_TASK DESCRIPTION_
Below are records with pictures. Reproduce exactly the lines from the line with "Bn59-01385A Röstfjärrkontroll kompatibel" to the line with "Gold 14k(585) ring", inclusive, and leave each picture out.

SOURCE MATERIAL section start

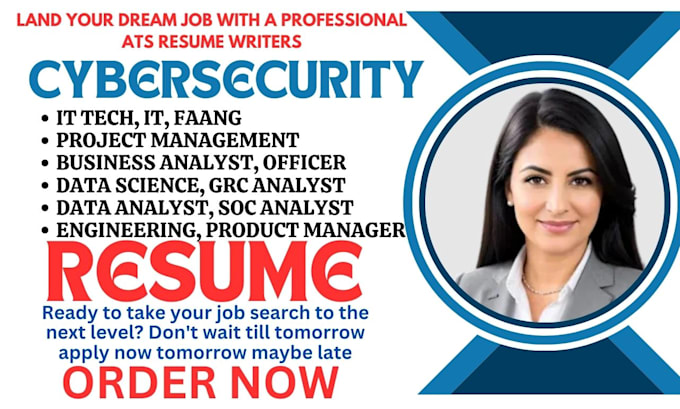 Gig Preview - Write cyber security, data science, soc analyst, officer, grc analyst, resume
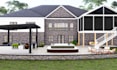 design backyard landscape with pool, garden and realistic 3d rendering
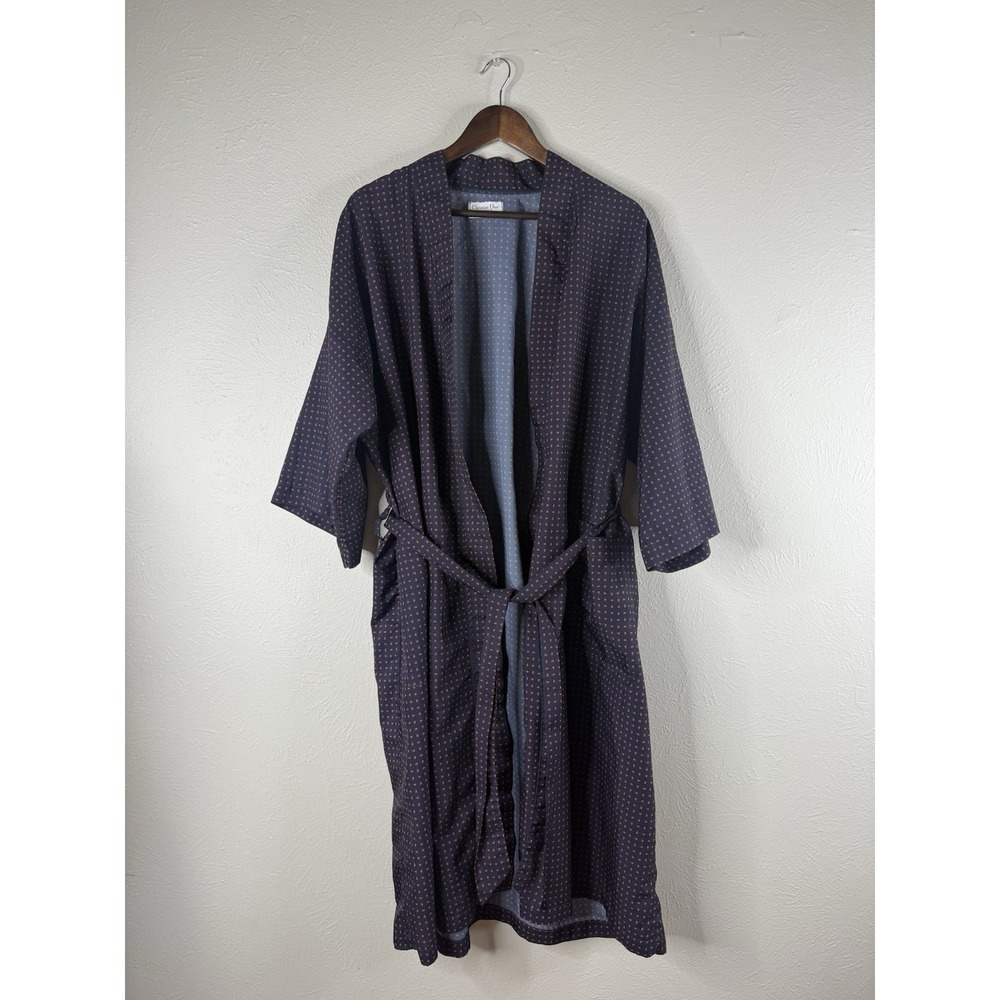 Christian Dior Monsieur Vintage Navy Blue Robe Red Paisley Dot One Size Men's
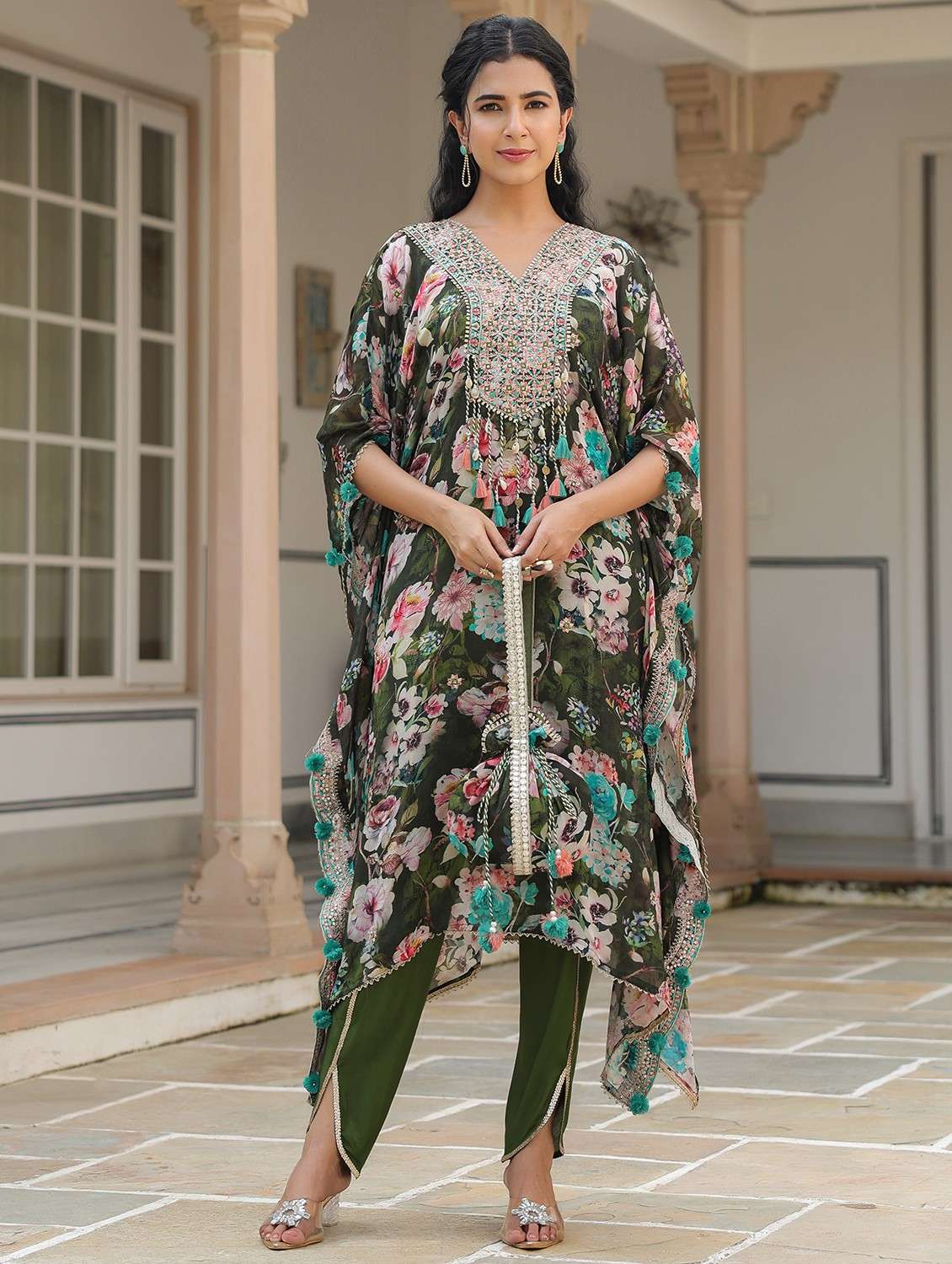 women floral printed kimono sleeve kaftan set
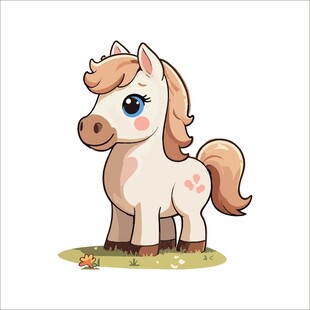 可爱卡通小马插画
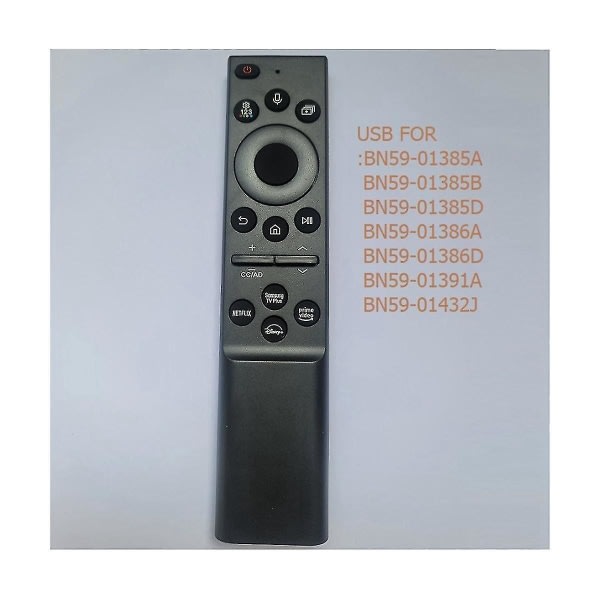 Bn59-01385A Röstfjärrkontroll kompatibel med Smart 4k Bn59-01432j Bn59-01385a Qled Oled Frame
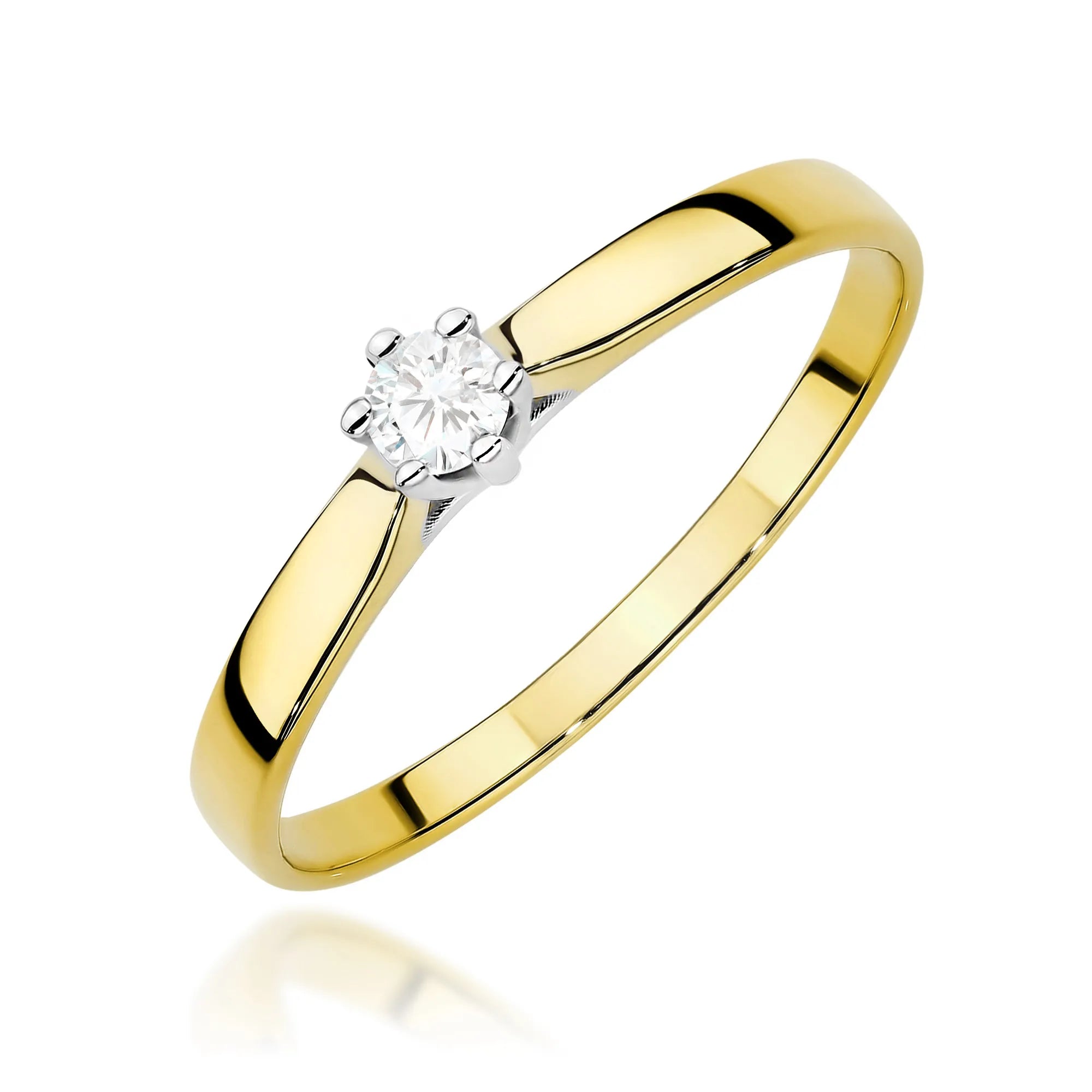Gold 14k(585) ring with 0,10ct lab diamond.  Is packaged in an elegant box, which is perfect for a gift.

SOURCE MATERIAL section end
SOURCE MATERIAL section start

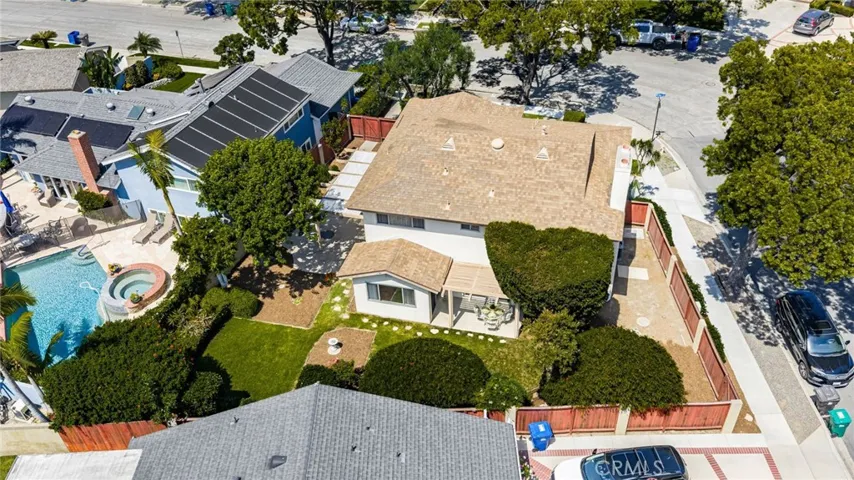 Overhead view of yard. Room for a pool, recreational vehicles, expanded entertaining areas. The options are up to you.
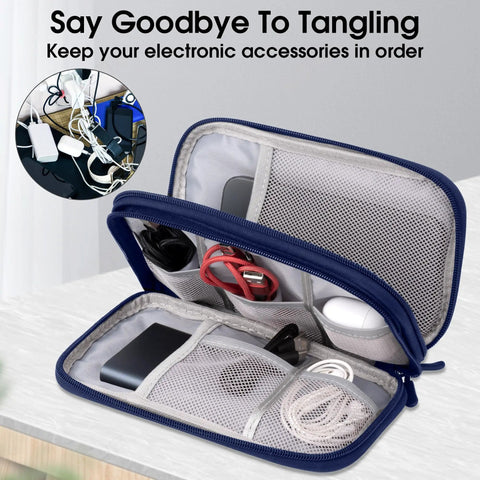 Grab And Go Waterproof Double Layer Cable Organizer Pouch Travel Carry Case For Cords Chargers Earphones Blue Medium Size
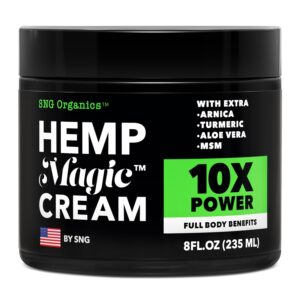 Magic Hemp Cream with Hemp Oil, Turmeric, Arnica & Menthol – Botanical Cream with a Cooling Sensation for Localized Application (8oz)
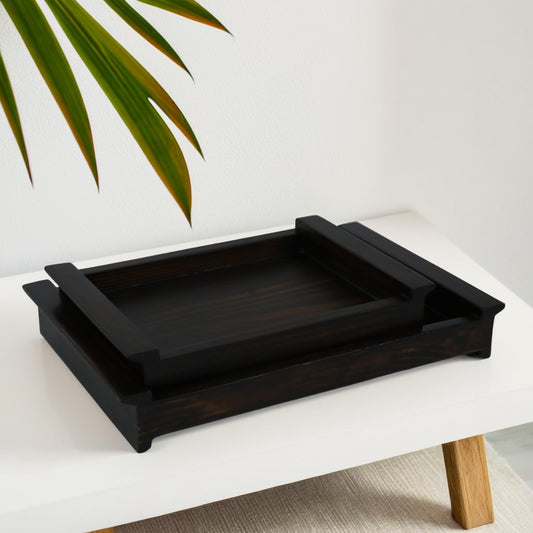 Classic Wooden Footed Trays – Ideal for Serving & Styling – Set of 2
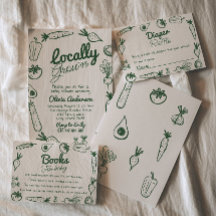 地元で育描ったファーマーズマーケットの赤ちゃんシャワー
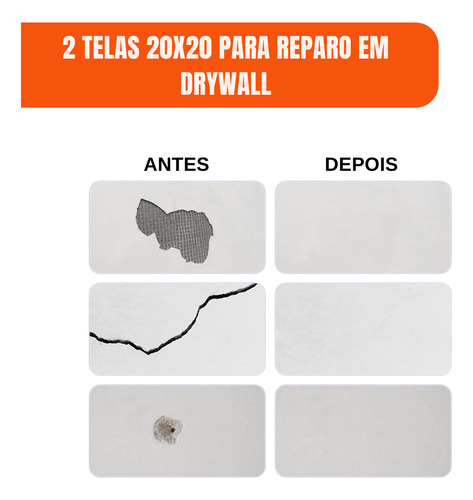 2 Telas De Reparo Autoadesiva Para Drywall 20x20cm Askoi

SOURCE MATERIAL section end
SOURCE MATERIAL section start

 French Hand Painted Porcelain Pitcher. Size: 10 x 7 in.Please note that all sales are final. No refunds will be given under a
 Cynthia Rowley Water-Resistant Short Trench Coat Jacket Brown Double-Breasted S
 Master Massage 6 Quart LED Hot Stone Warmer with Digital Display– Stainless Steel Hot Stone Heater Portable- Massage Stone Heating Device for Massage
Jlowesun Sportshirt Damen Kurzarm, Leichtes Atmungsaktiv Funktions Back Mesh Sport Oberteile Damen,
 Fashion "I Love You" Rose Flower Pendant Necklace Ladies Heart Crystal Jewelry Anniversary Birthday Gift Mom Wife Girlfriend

SOURCE MATERIAL section end

_RESPONSE AREA_
 Bn59-01385A Röstfjärrkontroll kompatibel med Smart 4k Bn59-01432j Bn59-01385a Qled Oled Frame
Gold 14k(585) ring with 0,10ct lab diamond.  Is packaged in an elegant box, which is perfect for a gift.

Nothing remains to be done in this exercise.